Could, then, Ivor Claire really “be” Lovat, who was never on Crete, let alone at Sphakia on the last night of the evacuation? Perhaps. Diana Cooper’s identification of Claire with Lovat must carry weight, especially because Professor Heath, who interviewed Lady Diana and presumably discussed the matter, took her claim seriously. Claire’s creatively travelling by bus instead of traversing rugged country at night could, possibly, be mere coincidence, although it is unlikely that Waugh would not have known the Commando “folklore” related to Lovat. Again, the bus exploit might also be no more than a convenient way of setting up Claire as “fly”—the sort of man who takes responsibility very lightly and shows great skill in evading his duty.
But finally it is just possible that Waugh did have Lovat in mind when he made Claire take a bus instead of travel across country at night, and when he made him an equestrian of note; and that Claire’s dishonour taints Lovat. But how could this be if Lovat was never on Crete? Paul Johnson has argued that “central to the original concept of [Sword of Honour] was the theme of betrayal,” and he cites the example of “Ivor Claire’s dereliction of duty.” It is conceivable that Waugh associated Lovat with Claire in this general sense, because he (quite correctly) regarded Lovat’s conduct when forcing him out of the Special Service Brigade as deceitful and unscrupulous. The story of this incident is long and unpleasant, and it will be told in full elsewhere. Suffice to say here that Lt Colonel Lovat, when deputizing for his Commanding Officer, Brigadier Laycock, seriously misrepresented to Waugh the orders Laycock had given in his regard; he also took a farrago of complaints about Waugh to the Vice Chief of Combined Operations, some of which were demonstrably false.
Lovat was the eldest son of one of the oldest aristocratic families in the British Isles, heir to vast acres and Beaufort Castle, a war hero, a magnificent horseman and a Catholic to boot. Waugh had reason to know that beneath the glamour of Lovat’s public reputation there lay a streak of strangely mindless, almost wanton, amoralism. It is not beyond imagining that when creating Ivor Claire he incorporated Lovat’s bus exploit and horsemanship as nods to the knowing that Lovat shared Claire’s dishonour.

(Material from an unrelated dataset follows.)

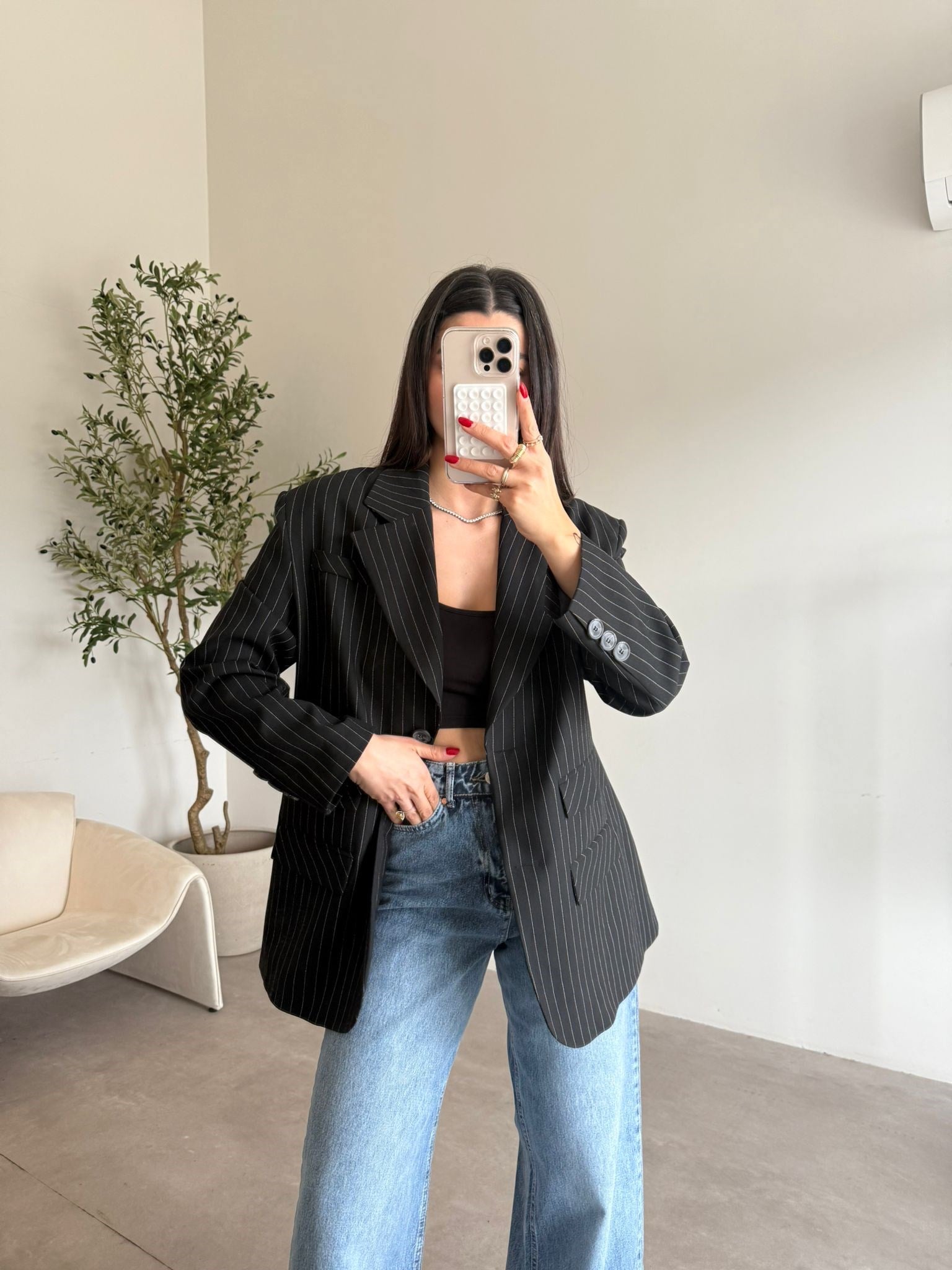 Siyah Çift Cep Detaylı Blazer Ceket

 Jeffrey Heath, The Picturesque Prison: Evelyn Waugh and His Writing (London: Weidenfeld & Nicolson, 1982), 240. Subsequent references will be made parenthetically to Heath.
 Evelyn Waugh, Sword of Honour: The Final Version of the Novels Men at Arms (1952), Officers and Gentlemen (1955) and Unconditional Surrender (1961) (London: Chapman & Hall, 1965), 506-09, 522-25. N.B.: To avoid confusing fiction with fact: (a) in Sword of Honour, Hookforce (Ivor Claire’s unit) has orders to remain behind on Crete; but (b) in 1941, Layforce, a Commando brigade, did NOT have orders to remain behind on Crete. (This essay refers to the 1965 recension Sword of Honour. References will be made parenthetically to SH.)
 Evelyn Waugh, The Diaries of Evelyn Waugh, ed. Michael Davie (London: Weidenfeld & Nicolson, 1976), 539-45.
 Donat Gallagher, “‘I am Trimmer, you know…’: Lord Lovat in Evelyn Waugh’s Sword of Honour,” Evelyn Waugh Newsletter and Studies 41.2 (Autumn 2010).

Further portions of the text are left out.